Using an NMAC System Enhanced for Nuclear Security
to Mitigate the Insider Threat

Year
2023
Author(s)
Martha Williams - Sandia National Laboratory (Contractor)
Noah Pope - Sandia National Laboratory (Contractor)
Lia Brodnax - Los Alamos National Laboratory
File Attachment
Abstract
Nuclear security systems are designed to protect against theft or other unauthorized removal of nuclear material from nuclear facilities. Reports from the IAEA Incident and Trafficking Database suggest that most known instances of theft have involved a malicious facility insider. One means of accomplishing the goal of protecting nuclear material from an insider is for States and nuclear facilities to enhance their established Nuclear Material Accounting and Control (NMAC) programs to meet nuclear security objectives. An NMAC program enhanced for nuclear security is essential to detecting loss or theft of nuclear material, aiding in recovery of lost or stolen nuclear material, and providing information about material type and quantity that is necessary for resolving questions of theft. An enhanced NMAC program also helps to deter acts by malicious insiders, because insiders know that malicious acts will be detected by NMAC measures designed specifically to detect attempted theft.
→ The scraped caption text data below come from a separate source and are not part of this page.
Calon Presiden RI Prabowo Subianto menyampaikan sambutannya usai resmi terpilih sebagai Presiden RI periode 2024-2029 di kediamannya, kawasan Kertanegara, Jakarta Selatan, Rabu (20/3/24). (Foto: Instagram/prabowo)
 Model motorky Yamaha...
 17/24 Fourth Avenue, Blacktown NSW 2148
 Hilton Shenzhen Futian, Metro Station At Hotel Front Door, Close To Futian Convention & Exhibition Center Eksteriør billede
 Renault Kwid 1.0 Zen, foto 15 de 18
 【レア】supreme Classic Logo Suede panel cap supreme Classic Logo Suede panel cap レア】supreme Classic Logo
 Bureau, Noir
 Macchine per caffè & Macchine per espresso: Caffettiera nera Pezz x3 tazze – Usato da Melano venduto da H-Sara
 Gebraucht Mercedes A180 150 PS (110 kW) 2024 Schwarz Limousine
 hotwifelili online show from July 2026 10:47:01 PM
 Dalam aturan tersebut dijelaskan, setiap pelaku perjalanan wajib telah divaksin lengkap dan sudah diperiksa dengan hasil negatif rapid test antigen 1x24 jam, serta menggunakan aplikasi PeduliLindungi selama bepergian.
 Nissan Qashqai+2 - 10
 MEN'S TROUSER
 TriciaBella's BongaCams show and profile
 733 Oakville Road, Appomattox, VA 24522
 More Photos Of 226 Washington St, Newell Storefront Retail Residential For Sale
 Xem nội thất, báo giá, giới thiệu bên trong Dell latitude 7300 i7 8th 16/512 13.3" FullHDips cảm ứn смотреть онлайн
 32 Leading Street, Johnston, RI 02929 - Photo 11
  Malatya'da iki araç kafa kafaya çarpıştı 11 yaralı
The process NMAC uses for nuclear security is to establish a system of conditions through rules, procedures, and technical measures, so that when conditions become off-normal, an irregularity is declared and must be formally investigated. Examples of off-normal conditions include failure to obtain authorization to access a nuclear materials area, violation of a two-person rule, or discovery of a broken tamper-indicating device. In a facility with an NMAC program enhanced for nuclear security purposes, a situation such as one of these off-normal conditions would be investigated until it was proven that the situation was not a malicious act caused by an insider. This paper presents tools being developed by the U.S. Department of Energy's National Nuclear Security Administration's Office of Global Material Security (DOE/NNSA/GMS) for assisting States and facilities in enhancing existing NMAC systems at nuclear facilities to mitigate the insider threat.